Even if prices are the biggest crisis facing farmers, the conflict created more immediate problems during the recent harvest. “Essentially there is a war going on, and my neighbors . . . have to decide whether to go pick cherries or stay home and stay safe,” Carlson says. One family had to take shelter when a battle erupted next to their fields.
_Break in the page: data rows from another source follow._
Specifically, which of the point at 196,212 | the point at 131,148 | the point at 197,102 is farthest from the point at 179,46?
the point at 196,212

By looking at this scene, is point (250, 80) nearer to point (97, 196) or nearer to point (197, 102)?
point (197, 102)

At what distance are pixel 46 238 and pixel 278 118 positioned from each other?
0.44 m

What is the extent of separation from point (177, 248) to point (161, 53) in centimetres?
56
In July, Carlson, who with his wife, Kristy, owns coffee producer Long Miles Coffee, was cupping coffees late at night when he was called and told that someone had thrown a grenade into their washing station in Bukeye. No one was hurt, but the storeroom was damaged. He doesn’t know why the attack happened or who would have done it, but grenades are cheap in Burundi and they are used often.

Coffee farmers in Burundi. (Photos: courtesy Kristy Carlson, Long Miles Coffee.)
Above, coffee farmers in Burundi. At top, Long Miles Coffee’s Bukeye station, where a store room was damaged in a grenade attack during harvest this year. (Photos: courtesy Kristy Carlson, Long Miles Coffee.)
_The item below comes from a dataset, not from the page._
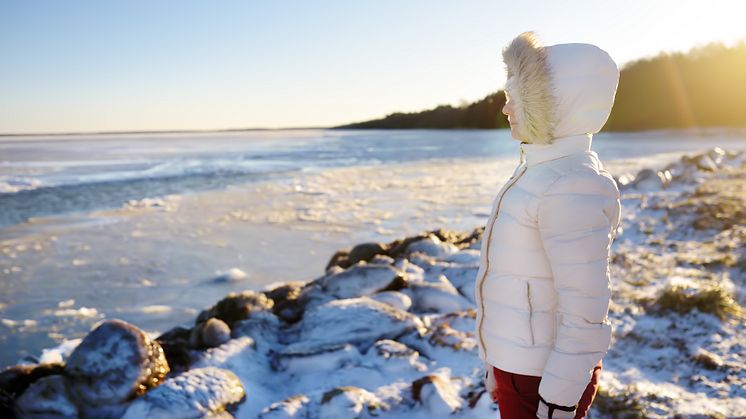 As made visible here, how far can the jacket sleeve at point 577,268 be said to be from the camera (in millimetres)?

While the conflict didn’t stop the harvest, it has halted the ability of exporters to get coffee out of the country. A coffee needs to gather twenty-nine signatures from nine offices in the capital before the Ministry of Agriculture will let it go. That’s a bureaucratic steeplechase in peacetime. Now, gathering those signatures can be made impossible by roadblocks and fighting. The offices may be empty. “We have beautiful coffees, eighty-five-plus coffees and they’re just sitting there. You can’t get it out because the minister of agriculture is afraid to go to his office,” Carlson says. “There is nothing you can do. There is literally nothing you can do.”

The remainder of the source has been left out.